Shares of Blockbuster tank amid bankruptcy talk

Filed under: marketing — Tags: , , — Silver @ 12:21 pm

Shares of Blockbuster Inc. sank 30 percent Wednesday after the video rental chain warned that it may have to file for Chapter 11 bankruptcy protection.

Competition from DVD-by-mail company Netflix Inc. and DVD vending machines operated by Coinstar Inc. have eroded the Dallas company’s revenue even as it staggers under a heavy debt load.

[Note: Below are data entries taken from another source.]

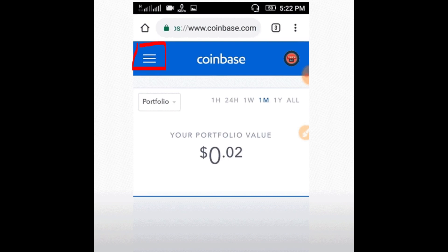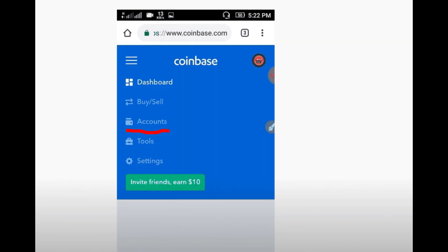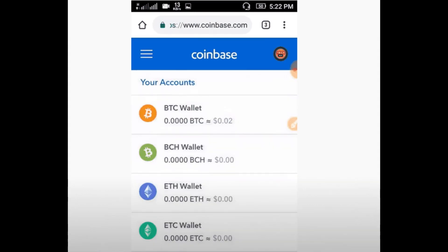Find and select the blue lightning bolt icon, which indicates the option to speed up your transaction. You will be presented with different transaction speeds. Each comes with a specific fee, reflecting how quickly you want the transaction processed.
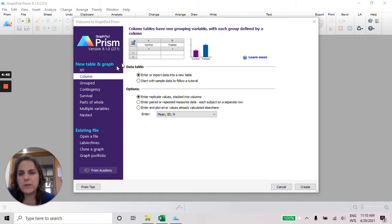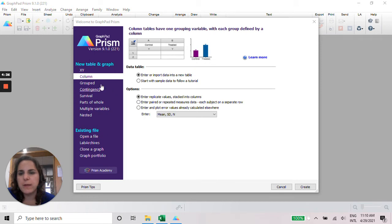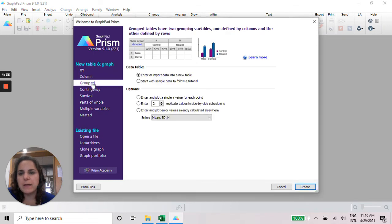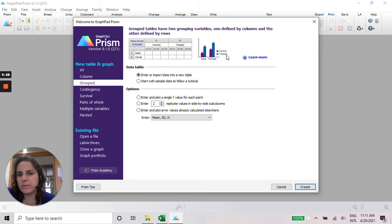Different from this one, in this case you just have one condition or control or treated. I need this one, the grouped, and you're going to have if they are like by gender or by treatment.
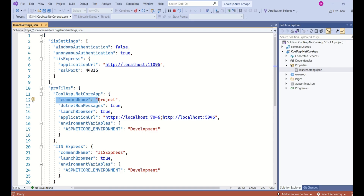The command name key is very important because it decides which web server to launch. If the value is 'Project', then the Kestrel web server is launched. If the value is 'IIS Express', then the IIS Express web server is launched instead. I'll cover web servers in another session. You can also see the IIS settings section — if we choose IIS Express, the port number will be 44315.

Blockbuster said in a regulatory filing late Tuesday that it was suffering "significant liquidity constraints" and could have to file for bankruptcy protection if it was unable to convince creditors to restructure a big chunk of its debt or business continued to deteriorate.

The company has had to close about 1,300 stores and wants to shut down hundreds more. It had about 5,200 stores worldwide in January, excluding franchised shops. About 3,500 of those were in the U.S.

The company is trying to update its business, setting up video-rental kiosks like those run by Coinstar and offering a DVD-mailing service. It added 2,000 kiosks in 2009 and expects to have more than 10,000 by the middle of this year — but NCR Corp., which operates the kiosks, is "under no obligation" to install or run them, Blockbuster said bad credit personal loan lenders.

Blockbuster is also pursuing several measures to help shore up cash. It wants to sell some of its international business, and it is pursuing a debt-for-equity swap to help alleviate its debt burden. It wants to swap all or part of its senior subordinated notes for common stock. It said it owed $975 million under senior secured notes and senior subordinated notes as of Jan. 3. Even if the swap goes through, it could significantly dilute current shareholders.

Meanwhile, the company predicts further declines in its sales. The chain said it expects a key sales measure to drop in the mid-single digits to high single digits in 2010 — and a "further deterioration" could leave it unable to service its debt, leading to default.

The company’s key sales measure sank 16 percent in the fourth quarter — a dismal holiday season performance despite higher advertising. It lost $435 million compared to a loss of $360 million in the last three months of 2008.